### Provided data:
########
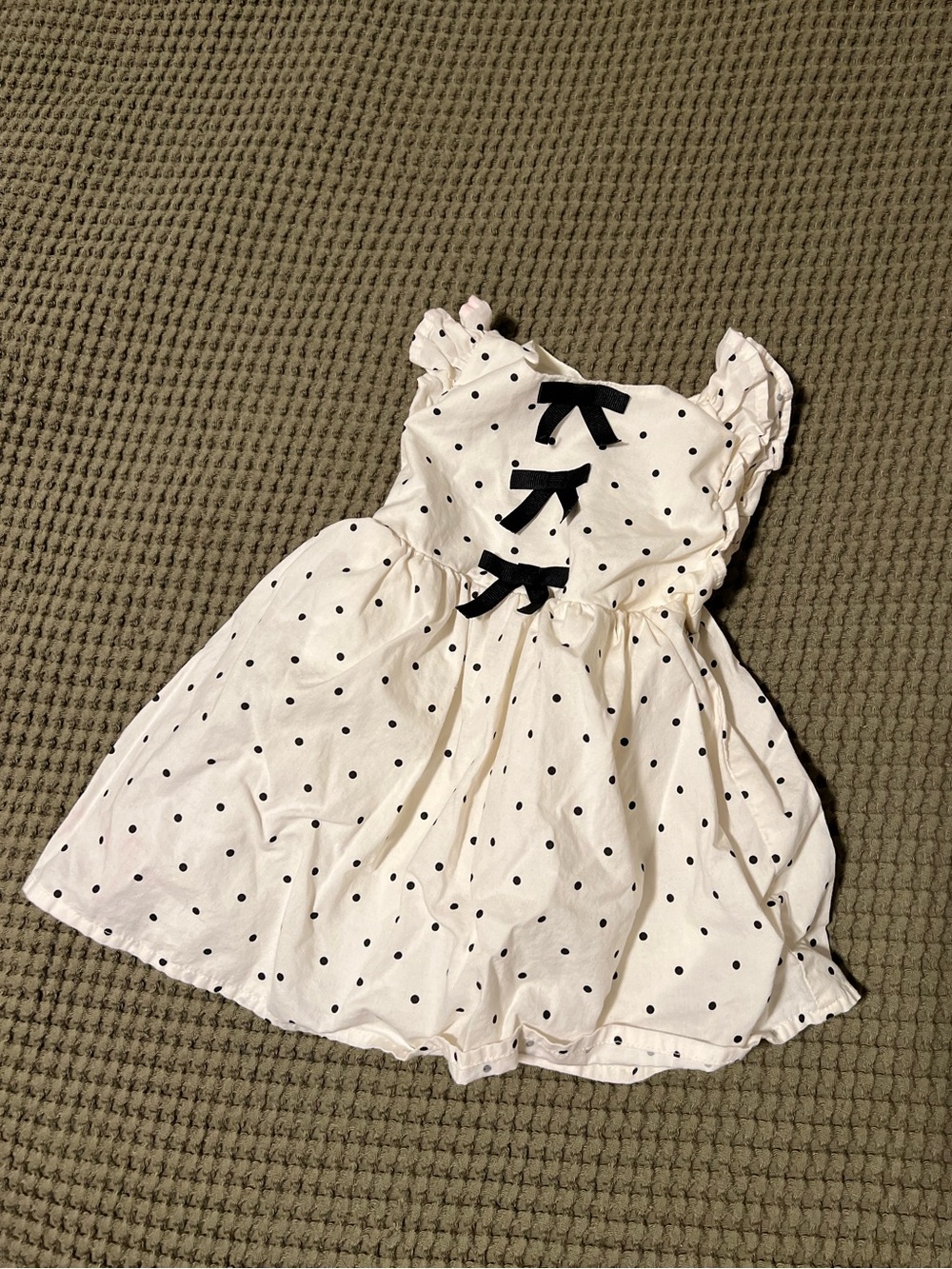Baby GAP 6-12 months White Polka Dot Dress with Black Bow Accents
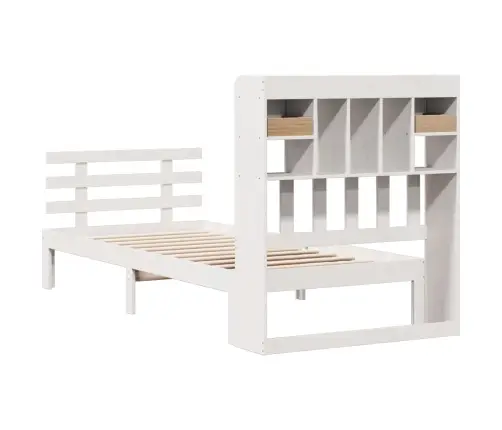 Lova Su Knygų Spinta Be Čiužinio, Balta, 75X190cm Pušis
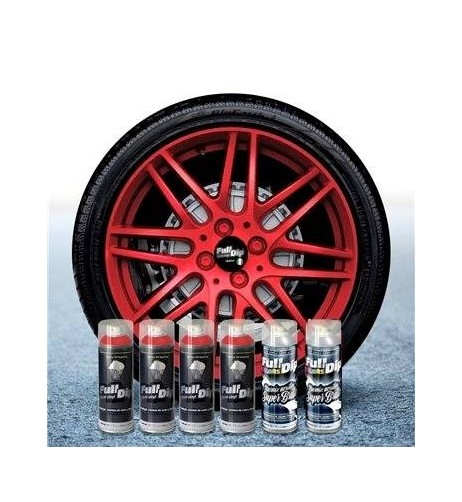 Kit vernice removibile spray wrapping Full Dip per 4 cerchi Rosso metal l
########
### Problem requirements:
For this exercise, retype the listing above word for word and omit the pictures.

### Response to this task:
Baby GAP 6-12 months White Polka Dot Dress with Black Bow Accents
 Lova Su Knygų Spinta Be Čiužinio, Balta, 75X190cm Pušis
 Kit vernice removibile spray wrapping Full Dip per 4 cerchi Rosso metal l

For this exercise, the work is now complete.